→ **GIVEN DATA**
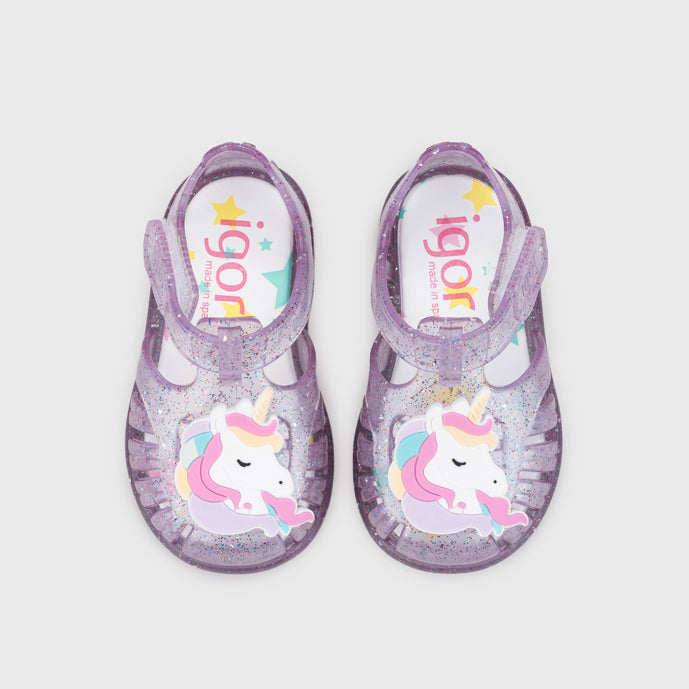 Lightweight and flexible sandals in soft rubber, Tobby Unicorn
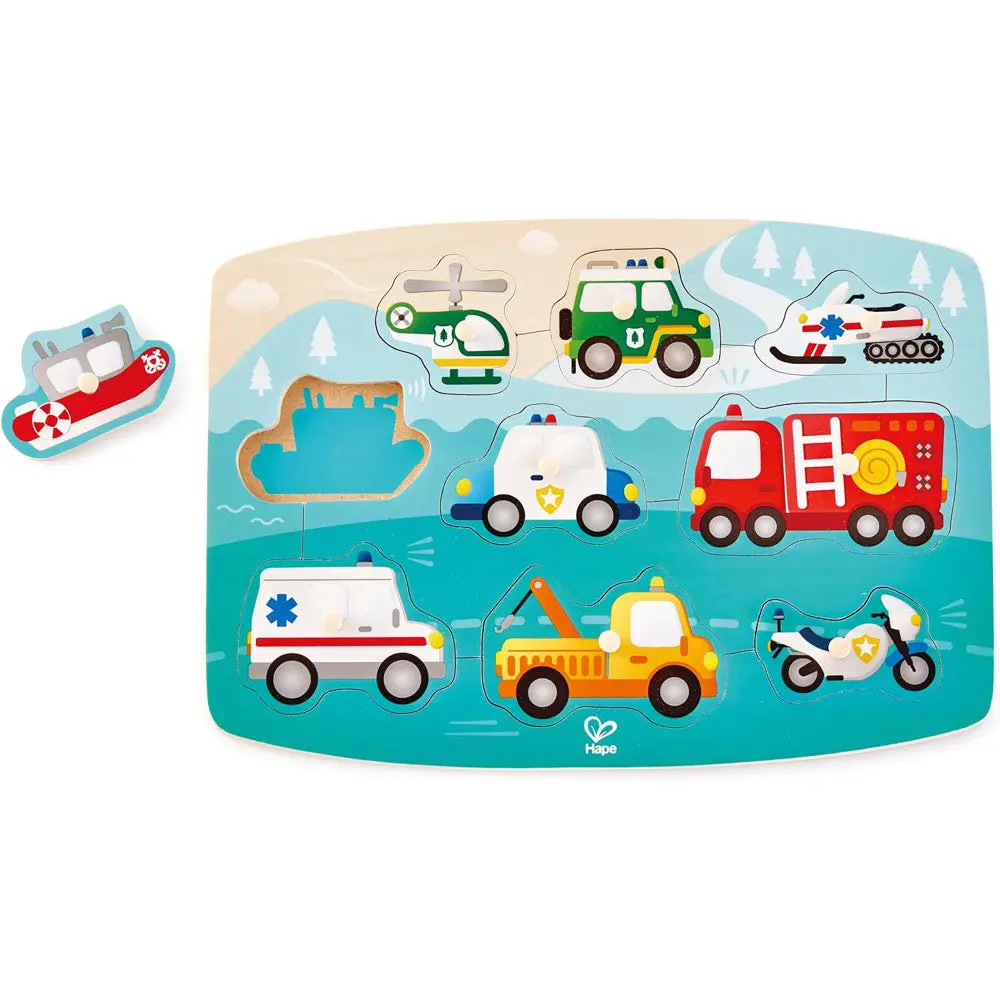 Hape Emergency Services 10Pc Wooden Peg Puzzle 1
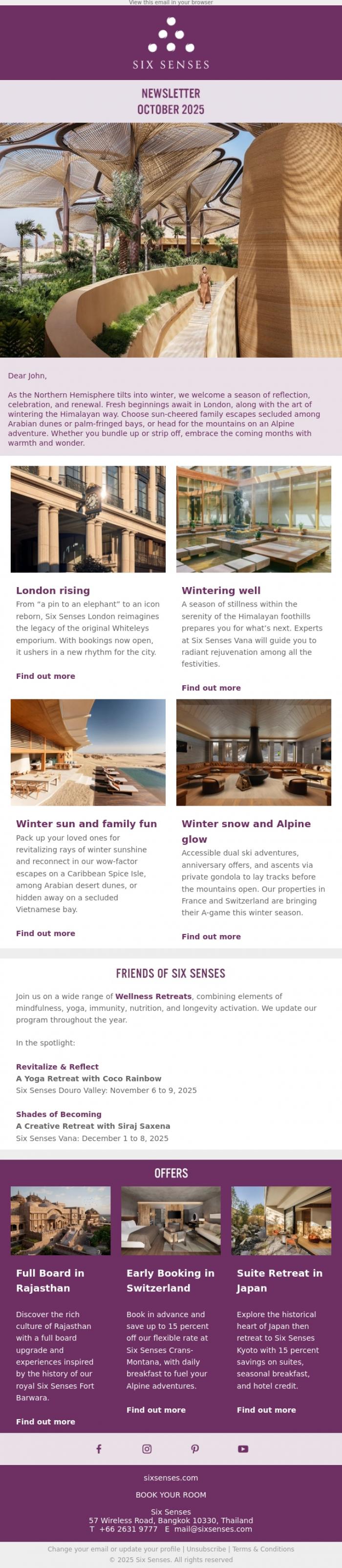 Email Design Inspiration from Six Senses, Winter's first whisper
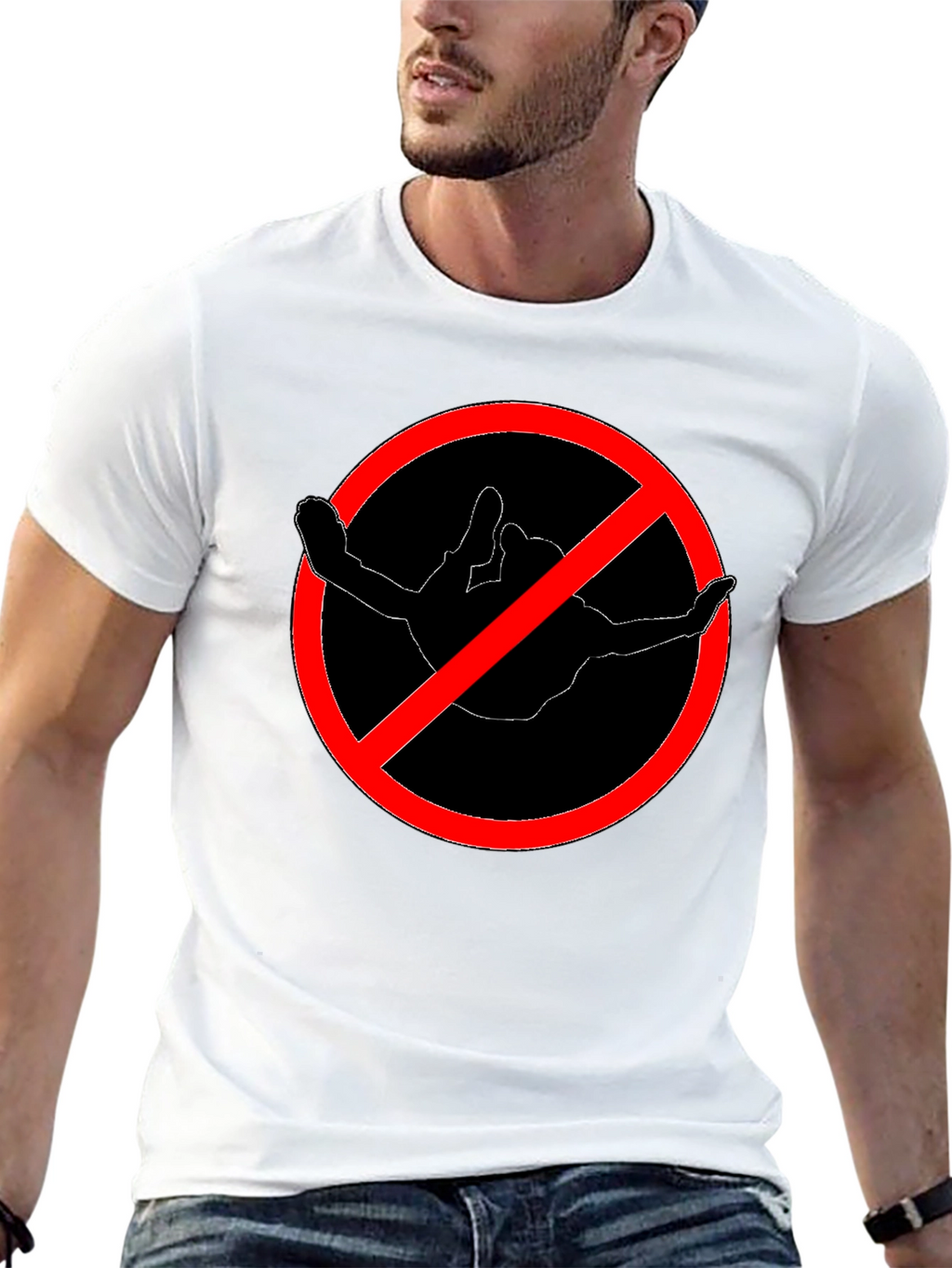 No Diving Black Crew Neck T-Shirt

→ **EXERCISE DETAILS**
Exact reproduction is required for the lines from the one containing "Hape Emergency Services" through the end of the material, and for those lines only, without pictures.

→ **ANSWER SECTION**
 Hape Emergency Services 10Pc Wooden Peg Puzzle 1
 Email Design Inspiration from Six Senses, Winter's first whisper
 No Diving Black Crew Neck T-Shirt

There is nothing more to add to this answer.